▸ WHAT YOU ARE ASKED TO DO
Images should be left out, and everything else in the listing reproduced exactly.

▸ DATA RECORDS
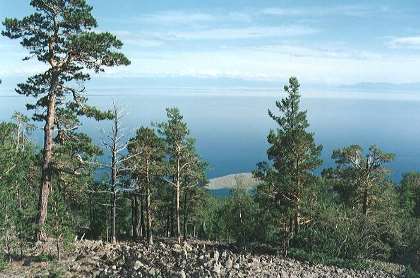 Готовность перехода Иркутской области на новую систему обращения с ТКО оценит Законодательное Собрание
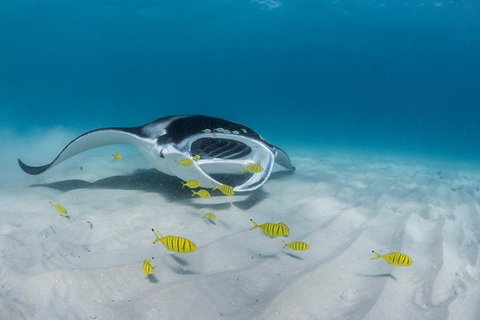 Ningaloo Adventure And Manta Ray Tour - Surfers Gold Coast 2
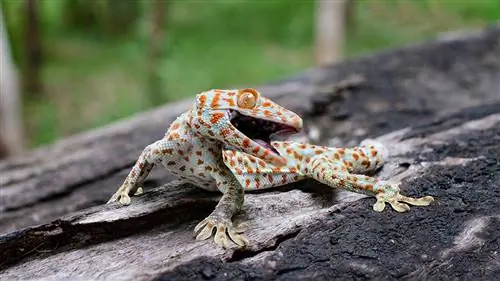 Tokay Gecko: Daim Ntawv Kho Mob, Lifespan, thiab Ntau (nrog duab)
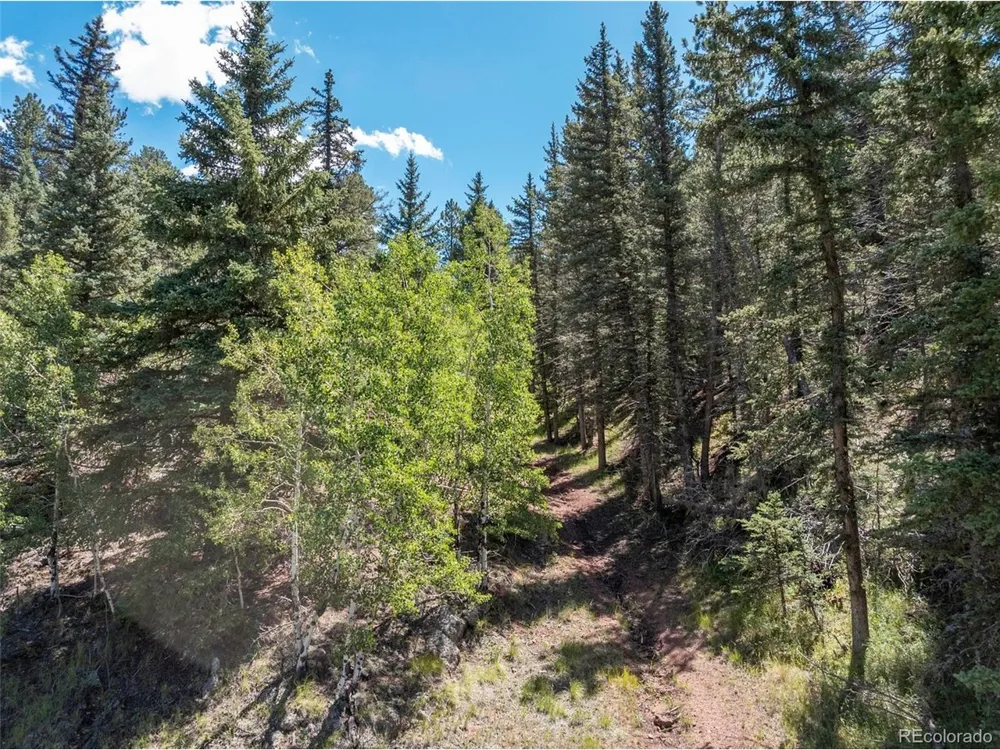 1676 Pathfinder Road Florissant, CO 80816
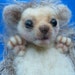 Needle felted, Hedgehog, OOAK by Grannancan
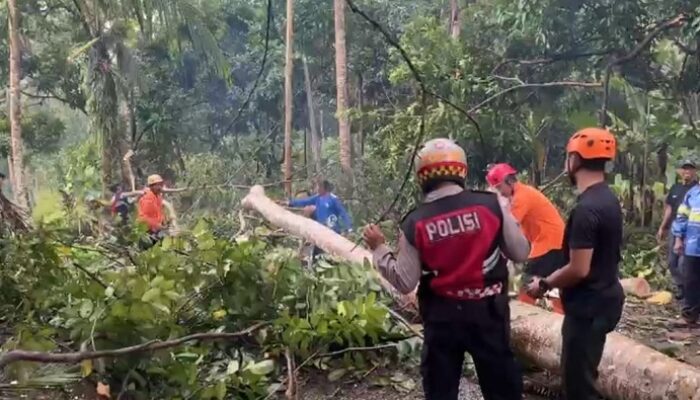 Cuaca Ekstrem Landa Kota Banjar, BPBD Lakukan Ini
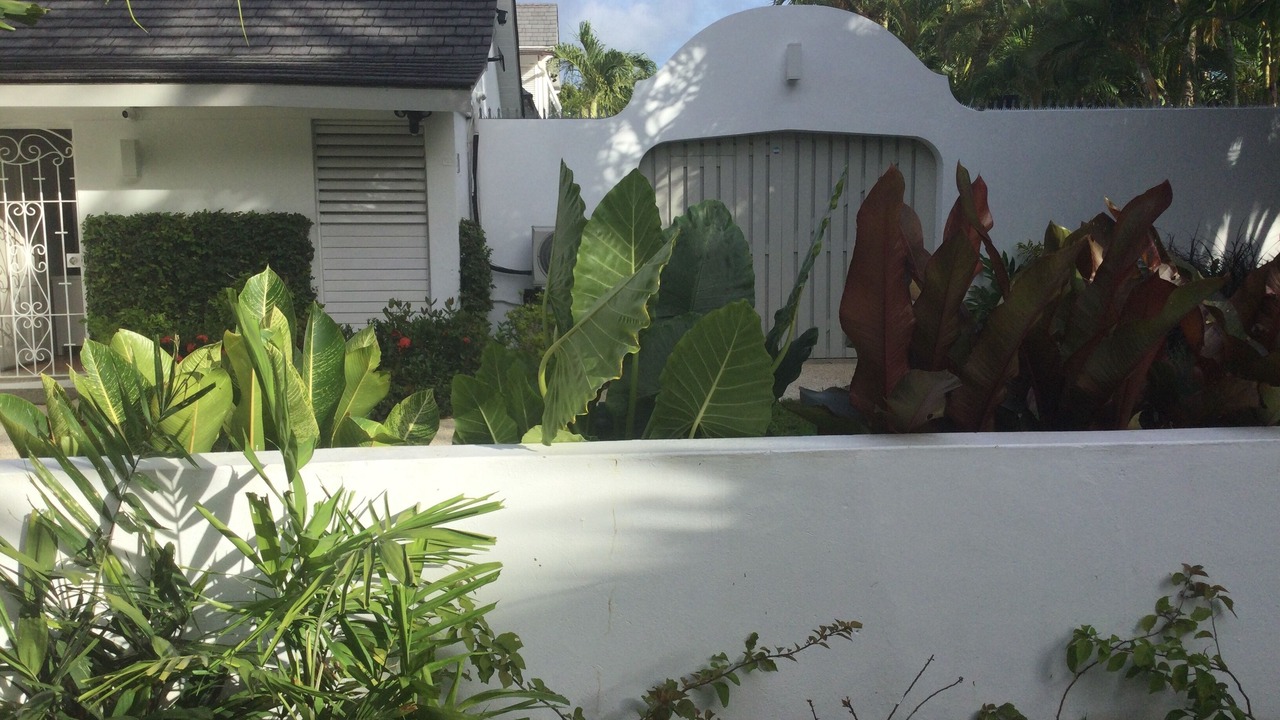 Photo of Outdoor in Halcyon Heights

▸ EXERCISE RESULT
 Готовность перехода Иркутской области на новую систему обращения с ТКО оценит Законодательное Собрание
 Ningaloo Adventure And Manta Ray Tour - Surfers Gold Coast 2
 Tokay Gecko: Daim Ntawv Kho Mob, Lifespan, thiab Ntau (nrog duab)
 1676 Pathfinder Road Florissant, CO 80816
 Needle felted, Hedgehog, OOAK by Grannancan
 Cuaca Ekstrem Landa Kota Banjar, BPBD Lakukan Ini
 Photo of Outdoor in Halcyon Heights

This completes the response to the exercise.